*Work instruction:* Copy the data exactly. Images are to be left out.

*Input data:*
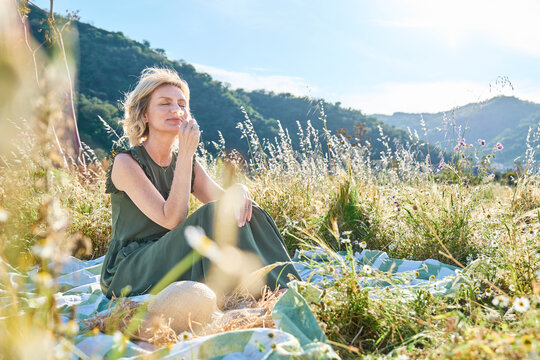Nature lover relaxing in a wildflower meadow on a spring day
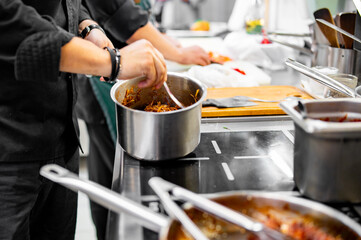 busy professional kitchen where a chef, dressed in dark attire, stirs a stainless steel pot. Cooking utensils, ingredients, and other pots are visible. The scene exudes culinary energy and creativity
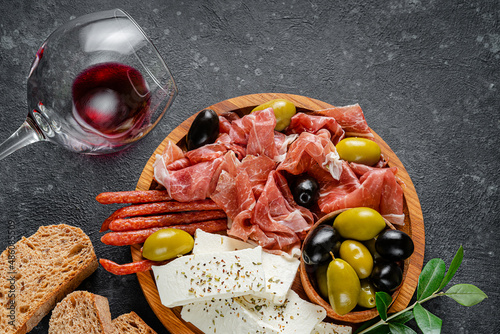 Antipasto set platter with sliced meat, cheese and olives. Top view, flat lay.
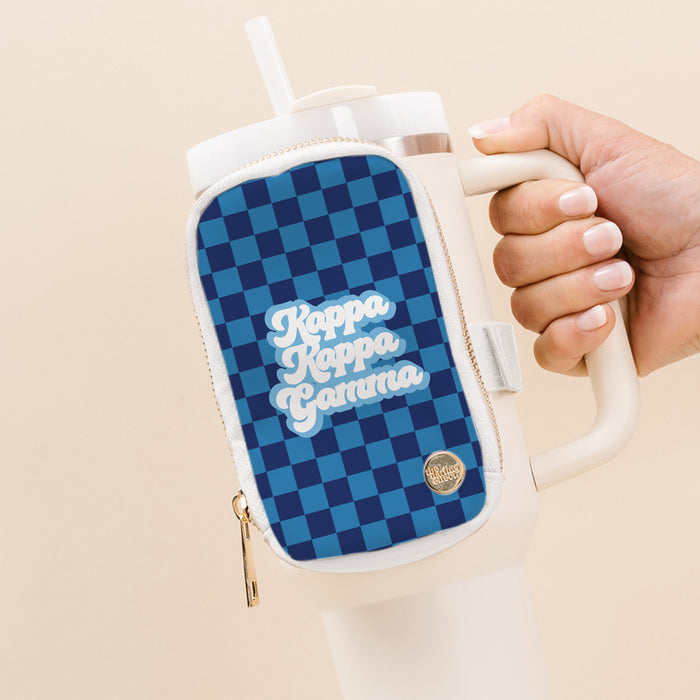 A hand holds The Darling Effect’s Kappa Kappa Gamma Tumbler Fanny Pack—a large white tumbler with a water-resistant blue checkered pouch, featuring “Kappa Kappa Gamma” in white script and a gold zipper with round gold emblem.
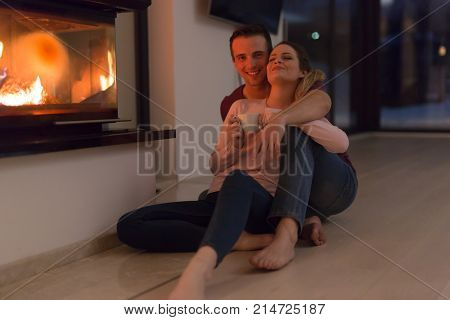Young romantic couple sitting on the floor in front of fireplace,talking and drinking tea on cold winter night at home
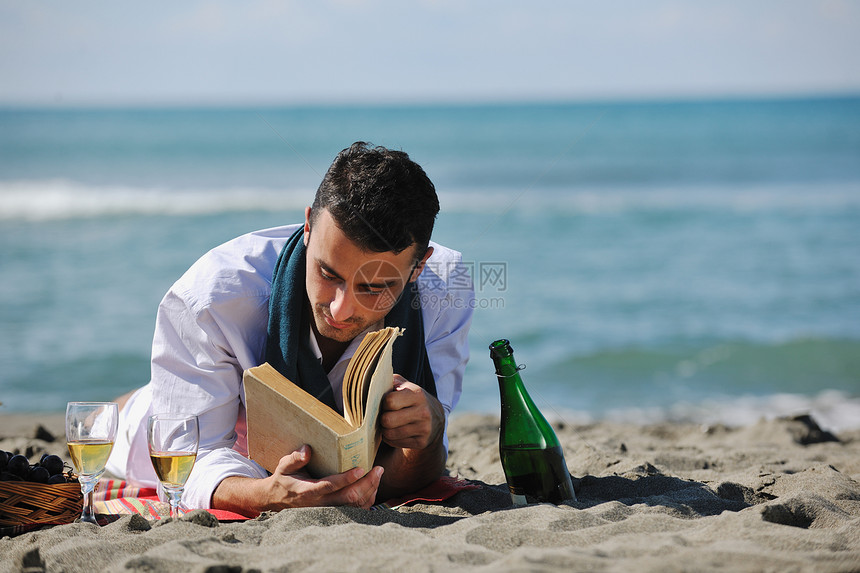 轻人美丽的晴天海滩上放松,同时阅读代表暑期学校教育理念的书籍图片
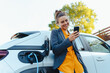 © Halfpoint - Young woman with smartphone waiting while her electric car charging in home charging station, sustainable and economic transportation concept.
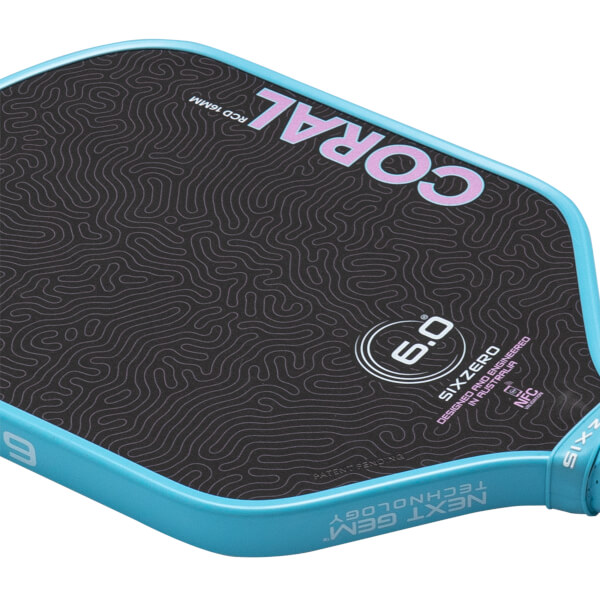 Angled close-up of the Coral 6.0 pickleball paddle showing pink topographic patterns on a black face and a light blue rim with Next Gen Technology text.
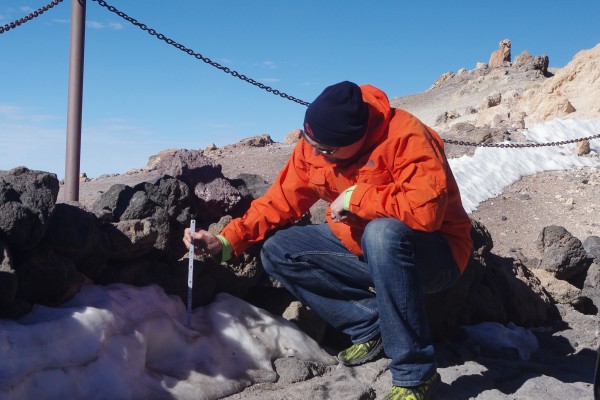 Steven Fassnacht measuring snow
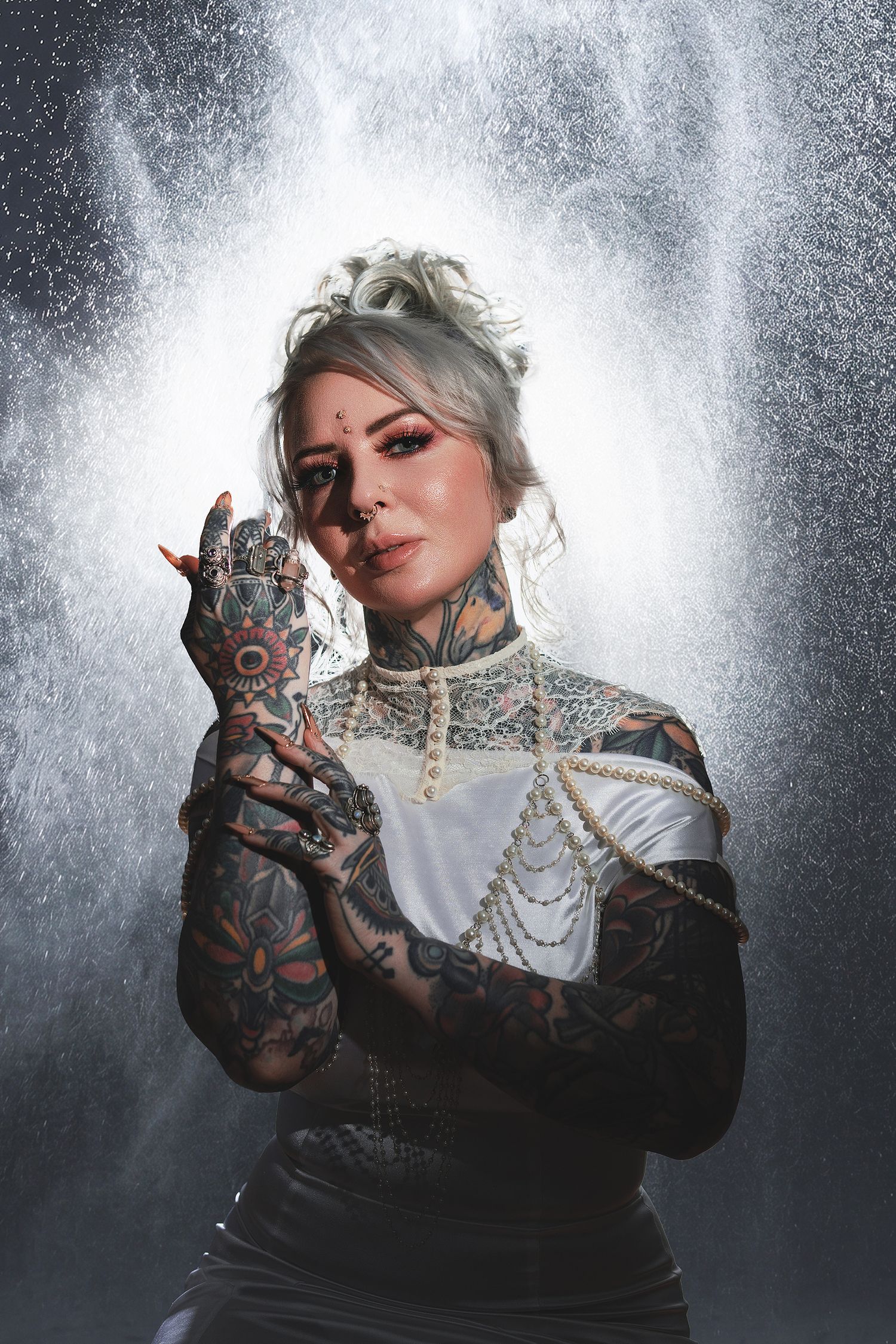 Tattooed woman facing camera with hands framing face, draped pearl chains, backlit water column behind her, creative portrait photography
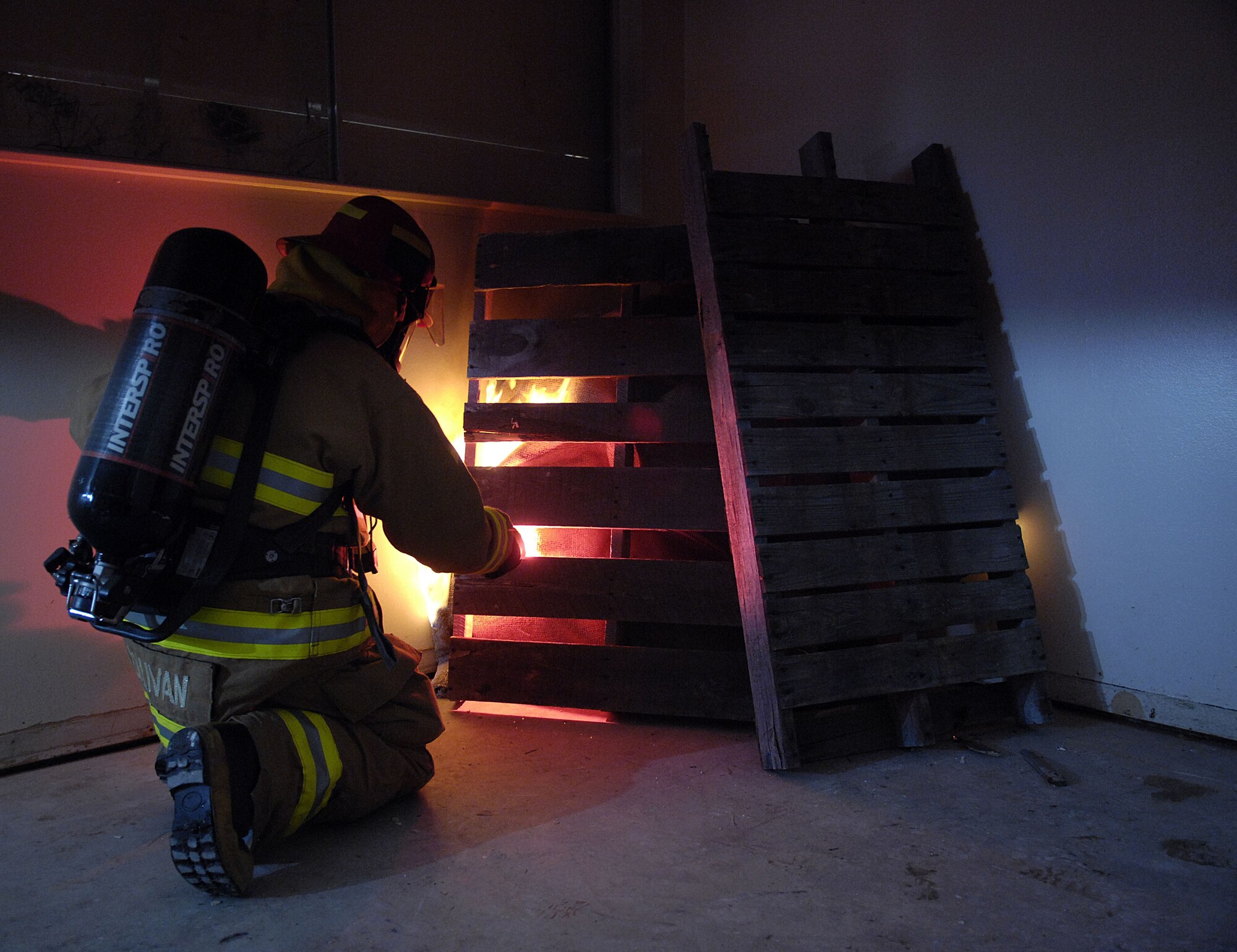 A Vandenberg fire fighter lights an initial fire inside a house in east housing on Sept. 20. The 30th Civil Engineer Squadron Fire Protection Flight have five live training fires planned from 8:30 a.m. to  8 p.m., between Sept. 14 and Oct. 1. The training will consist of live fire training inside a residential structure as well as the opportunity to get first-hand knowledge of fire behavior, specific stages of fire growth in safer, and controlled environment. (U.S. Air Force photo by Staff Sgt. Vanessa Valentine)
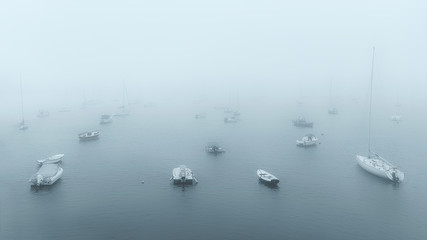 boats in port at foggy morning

*Answer:*
Nature lover relaxing in a wildflower meadow on a spring day
 busy professional kitchen where a chef, dressed in dark attire, stirs a stainless steel pot. Cooking utensils, ingredients, and other pots are visible. The scene exudes culinary energy and creativity
 Antipasto set platter with sliced meat, cheese and olives. Top view, flat lay.
 A hand holds The Darling Effect’s Kappa Kappa Gamma Tumbler Fanny Pack—a large white tumbler with a water-resistant blue checkered pouch, featuring “Kappa Kappa Gamma” in white script and a gold zipper with round gold emblem.
Young romantic couple sitting on the floor in front of fireplace,talking and drinking tea on cold winter night at home
 轻人美丽的晴天海滩上放松,同时阅读代表暑期学校教育理念的书籍图片
 © Halfpoint - Young woman with smartphone waiting while her electric car charging in home charging station, sustainable and economic transportation concept.
 Angled close-up of the Coral 6.0 pickleball paddle showing pink topographic patterns on a black face and a light blue rim with Next Gen Technology text.
 Steven Fassnacht measuring snow
 Tattooed woman facing camera with hands framing face, draped pearl chains, backlit water column behind her, creative portrait photography
 A Vandenberg fire fighter lights an initial fire inside a house in east housing on Sept. 20. The 30th Civil Engineer Squadron Fire Protection Flight have five live training fires planned from 8:30 a.m. to  8 p.m., between Sept. 14 and Oct. 1. The training will consist of live fire training inside a residential structure as well as the opportunity to get first-hand knowledge of fire behavior, specific stages of fire growth in safer, and controlled environment. (U.S. Air Force photo by Staff Sgt. Vanessa Valentine)
 boats in port at foggy morning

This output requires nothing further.